SCC rules against aboriginal group on forestry licenses

The Supreme Court of Canada backed the right of the province of Ontario to grant forestry licences on a tract of traditional native land after an aboriginal challenge of licenses that had been granted to a lumber company.

Today’s decision in Grassy Narrows First Nation v. Ontario (Natural Resources) has positive implications for the ability of Goldcorp Inc. and other companies to continue to mine on land natives had ceded to Canada under treaty. Goldcorp operates Canada’s largest gold mine in Keewatin, the same region as the tract in the forestry dispute, and had intervened in the case.

It dealt with a large tract in northern Ontario that natives ceded under what became known as Treaty 3. The licence in the case had been granted to a predecessor of Resolute Forest Products Inc.

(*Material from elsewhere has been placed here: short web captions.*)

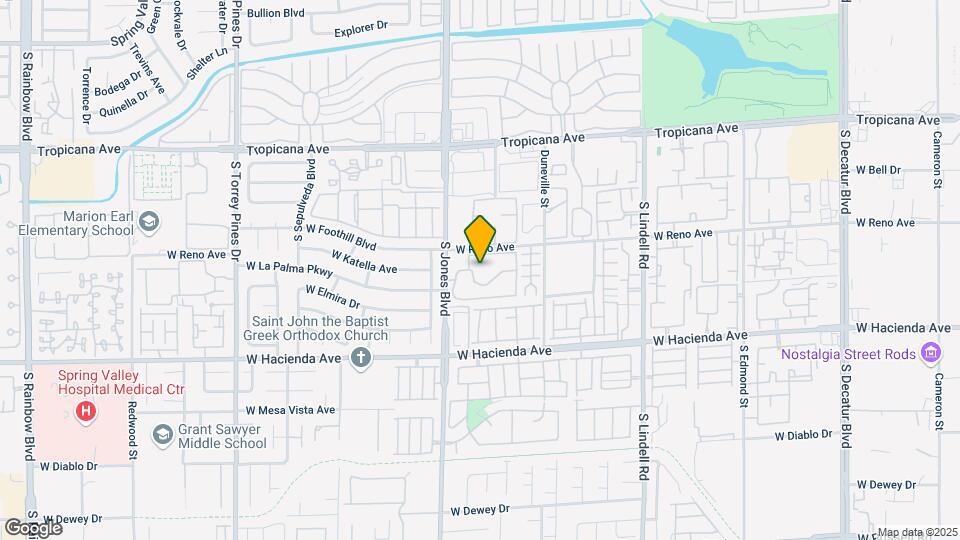 5166 S Jones Blvd Map and Location Details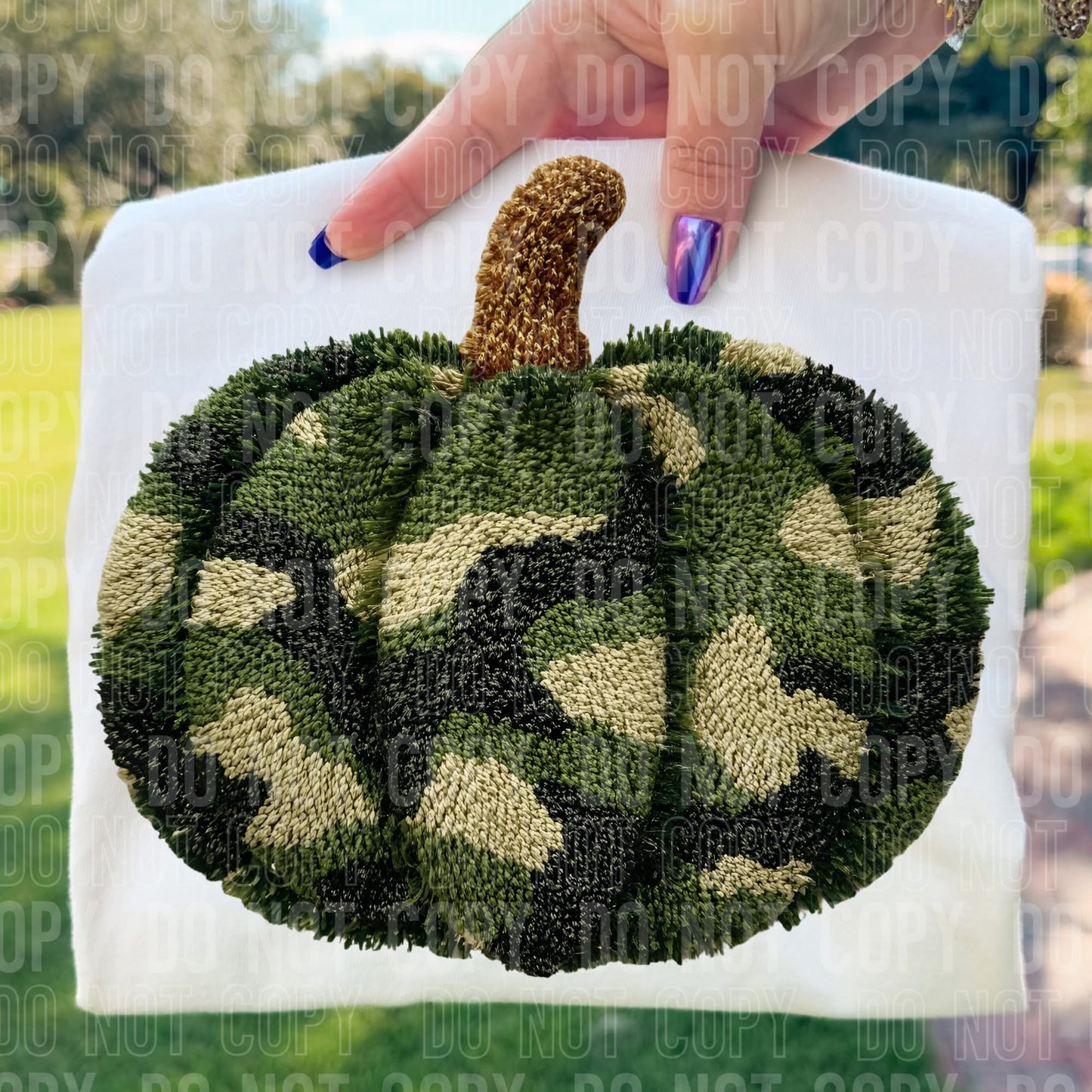 Camo Pumpkin DTF Transfer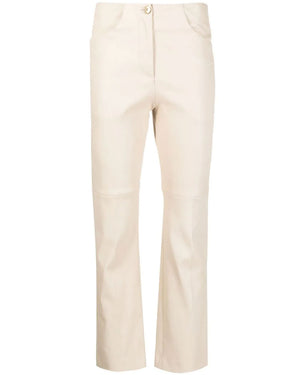 Bianco Leather Pant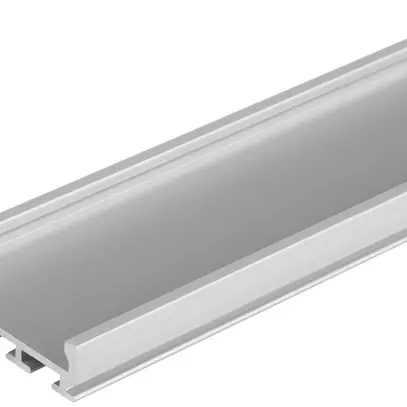 Profilé plat LDV WIDE PW01/U/26×8/14/1, largeur utile 14mm, 1m, Al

Grassy Narrows First Nation had contested the right of Ontario alone to grant licences, arguing the federal government should also be involved.

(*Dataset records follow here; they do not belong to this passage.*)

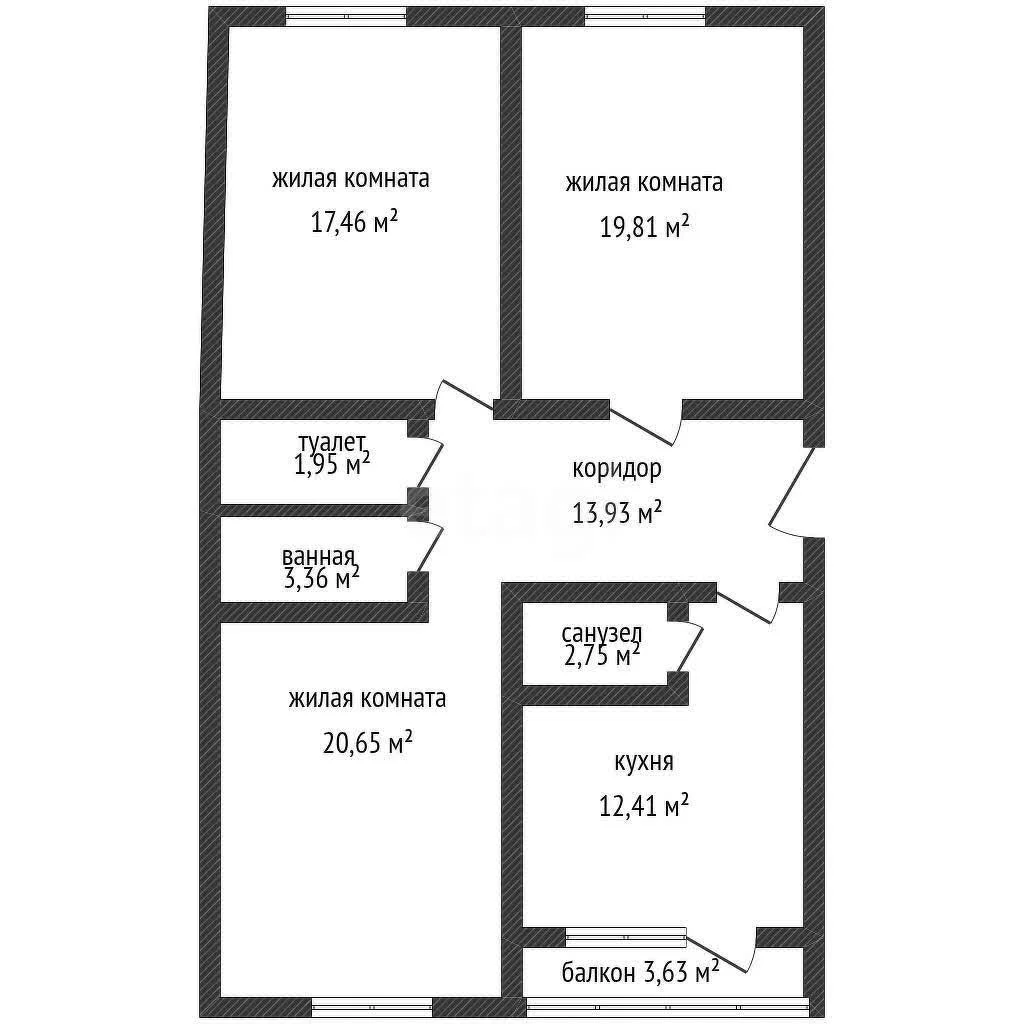 3-к квартира, 92м² (Восточно-Кругликовская улица, 42/3к2) - миниатюра 35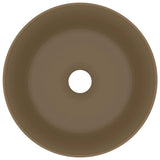 Vidaxl Washbasin omkring 40x15 cm keramisk matcrem
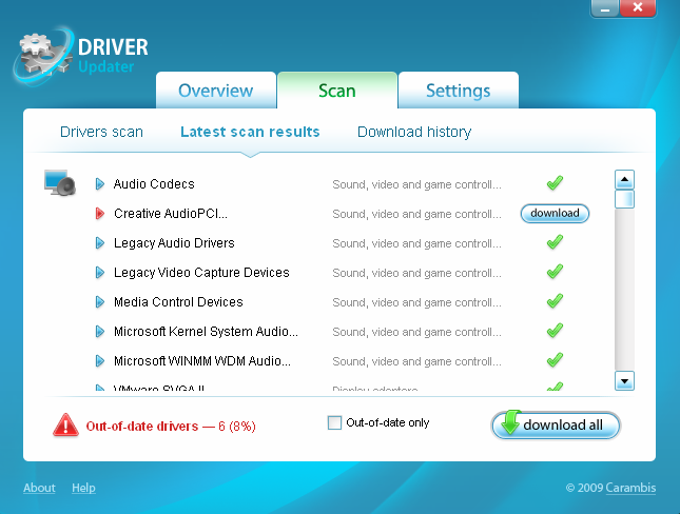 Carambis Driver Updater Carambis Driver Updater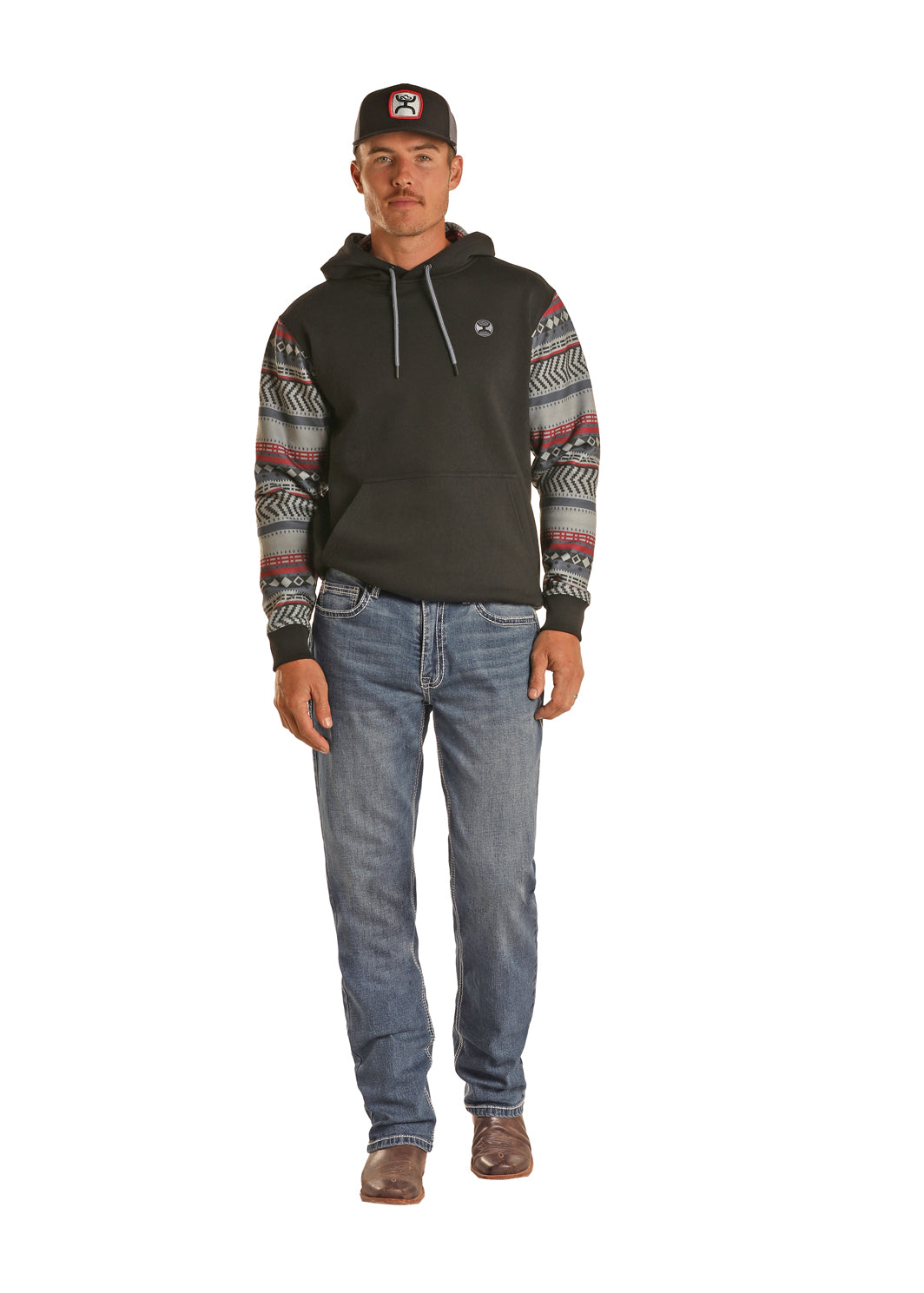 Hooey® Light Wash Double Barrel Stackable Boot Leg Men's Jean by Rock & Roll Denim®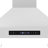 Forno Venezia 30 Inch Wall-Mounted Range Hood in White with Touch Controls and Baffle Filters-115251616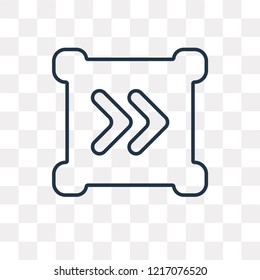 Next vector outline icon isolated on transparent background, high quality linear Next transparency concept can be used web and mobile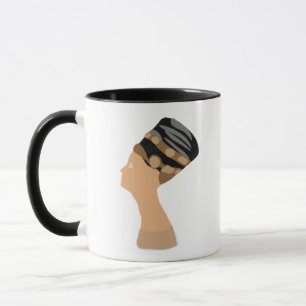 Mug Nefertiti, reine d'Égypte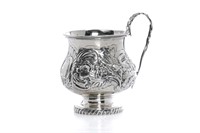 WILLIAM IV ENGLISH SILVER CHRISTENING CUP, 114g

Under the treaty, the government was given the right to “take up” land for forestry, mining, and other uses and the First Nation retained the right to hunt and fish in those lands at least until that time.

“Federal supervision is not required by the Constitution,” Chief Justice Beverley McLachlin wrote in the decision.

Resource companies had nervously watched this decision after the Supreme Court came down in favour of British Columbia aboriginal groups in the June 26 decision in Tsilhqot’in Nation v. British Columbia, a land claims case in which natives also had sought to block forestry.

But that decision dealt with lands for which there was no treaty, and the language in Treaty 3 clearly provides for tracts of lands to be “taken up [by the government] for settlement, mining, lumbering or other purposes.”

That said, McLachlin did reiterate past language that the right of Ontario to take up this land was not unconditional and it is duty-bound to act honorably.

“These duties mean that for land to be taken up under Treaty 3, the harvesting rights of the Ojibway (natives) over the land must be respected,” she wrote.

Not every “taking up” will constitute an infringement of hunting and fishing rights, she said, but if the taking up leaves the Grassy Narrows Ojibway group with no meaningful right to hunt, fish or trap in areas where they used to do so, they could have a court case for treaty infringement.

The Grassy Narrows First Nation pledged to use all tools available to continue to fight.

It said in a statement that though Ontario had met with Grassy Narrows, it had not changed its plans meaningfully to take Grassy Narrows’ concerns into account.

“The impacts of past industrial activity, including hydro damming, mercury dumping, and clearcut logging, have put our rights in extreme peril and have had a grave impact on our health, culture, and livelihood,” it said.

“Further forced industrial logging could compound the existing industrial impacts leaving Grassy Narrows with no ability to meaningfully exercise our rights.”